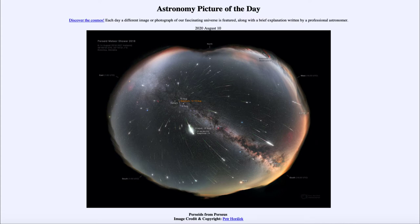So even though the comet here — comet Swift-Tuttle — is not around, some of the debris is still there, and when the Earth happens to cross its orbit we are able to see the meteors. That's a small piece of debris, just little grains of sand, bits of dust that are vaporizing within the atmosphere of the Earth and then burning up.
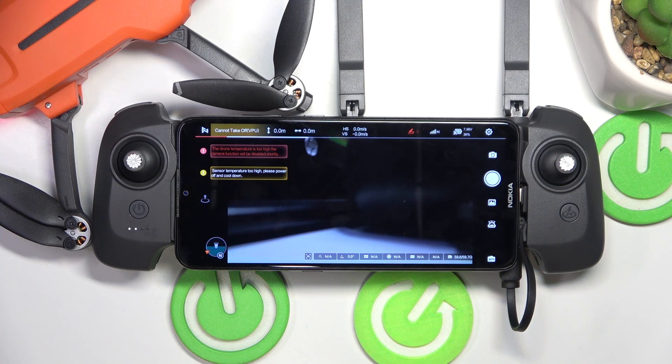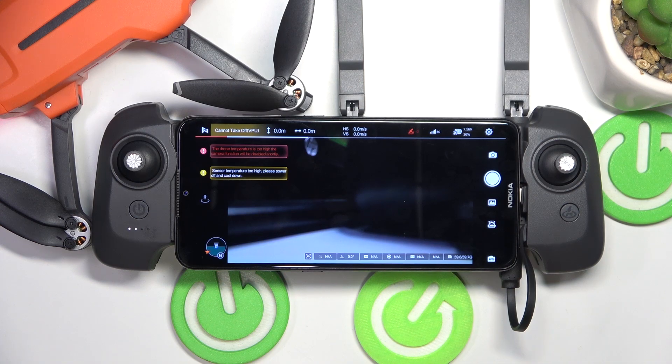This is FIMI Mini 3, and today I'll show you how you can adjust the return to home altitude on this drone.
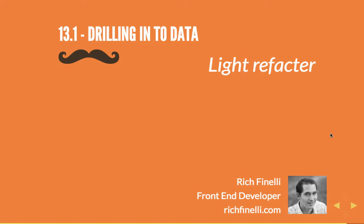Yo, yo, this is Rich Finelli, and welcome back to my Handlebars video training series. This is video number 13.1, Drilling into Data, Light Refactor.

[Description of the task]: Pictures are to be left out; otherwise, retype exactly the lines from the first line of the data through the line containing "This is FIMI".

[Task solution]:
So even though the comet here — comet Swift-Tuttle — is not around, some of the debris is still there, and when the Earth happens to cross its orbit we are able to see the meteors. That's a small piece of debris, just little grains of sand, bits of dust that are vaporizing within the atmosphere of the Earth and then burning up.
This is FIMI Mini 3, and today I'll show you how you can adjust the return to home altitude on this drone.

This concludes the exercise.